Costa Rica celebrated its first same-sex marriage when two women, Alexandra Quiros and Dunia Araya, celebrated their wedding: an “extraordinary moment”.
LGBT rights in Latin America, caught between progressive laws and widespread homophobia
LGBT rights in Latin America are caught in a dangerous paradox: whilst legislation is progressive in many countries, hate crimes and homophobia are widespread.
The legislative landscape in the area of LGBT rights in Latin America began to evolve in the early 2000s. Whereas in 1999 almost half the region still criminalised homosexuality, the legalisation of same-sex marriages in Spain in 2005 incentivised its former colonies (and not only) to refresh their policies on the matter.
Since then five Latin American countries – Uruguay, French Guyana, Colombia, Brazil and Argentina – have fully legalised gay marriages and adoptions, Colombia being the most recent case with legislation passing in April 2016. Additionally, Mexico has also been gradually recognising LGBT rights: same-sex couples can marry and adopt children in Mexico City and six out of 31 states. Chile and Ecuador have introduced civil union laws that grants LGBT couples similar legal protections as marriages.
LGBT marginalisation and persecution
On the other side of the legislative spectrum, since Belize revoked its anti-sodomy laws in August 2016 the only country in Latin America that still penalises homosexual relations is Guyana, where “buggery” (a term almost synonymous with sodomy) calls for life imprisonment, though the law isn’t enforced. Last year the country’s Supreme Court challenged Guyana’s ban on cross-dressing except in cases of “improper purposes”.
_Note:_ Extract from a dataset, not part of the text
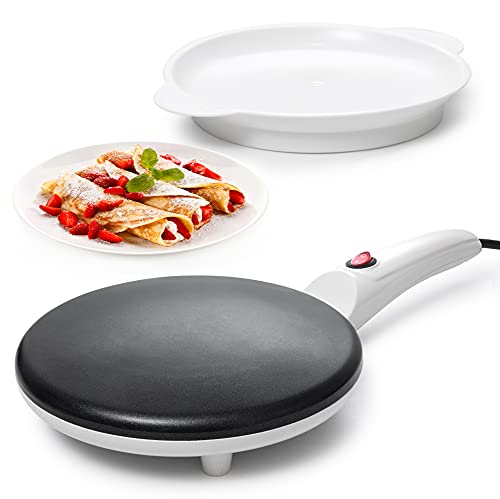 moss & stone electric crepe maker 8 inch  pan apo portable crepe maker & hot plate cooktop on/off switch  nonstick coating  automatic temperature cont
Yet despite numerous advances, Latin America doesn’t have a unitary voice on LGBT issues and inspiring breakthroughs in the region are insufficient to overshadow the actual size of marginalisation and persecution. Alone it was scene to 78 per cent of murders of transgender and gender-diverse people documented worldwide between 2008 and 2014, according to the United Nations. The Inter-American Commission of Human Rights points to almost 600 hate-motivated homicides of LGBT people in the member states within a one-year timeframe. A comprehensive 2015 UN report also cites an alarming number of fatal assaults in Brazil, which reported 310 murders with homophobic or transphobic motives in 2012.
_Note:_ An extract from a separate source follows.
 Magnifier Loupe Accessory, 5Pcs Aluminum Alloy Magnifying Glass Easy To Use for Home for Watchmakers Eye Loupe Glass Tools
Furthermore, it should be emphasised that all data is believed to downplay the actual scale of discrimination as many crimes aren’t reported due to fear of retaliation or they’re simply not classified as hate-driven, specialists indicate. There is an “alarming pattern of grotesque homicides … and broad impunity for their perpetration, sometimes with the suspected complicity of investigative authorities,” UN Special Rapporteur on extrajudicial, summary or arbitrary executions Christof Heyns pointed out in 2014.
Homophobia and machismo
In addition, opinion polls point to the fact that Latin American reforms don’t necessarily resonate on the local level. For instance nearly three quarters of El Salvador’s society, a little over half in Bolivia and a little less than a half in Venezuela believe that homosexuality is morally unacceptable, Pew polls show, though all three countries have undertaken some judicial measures to protect the LGBT community.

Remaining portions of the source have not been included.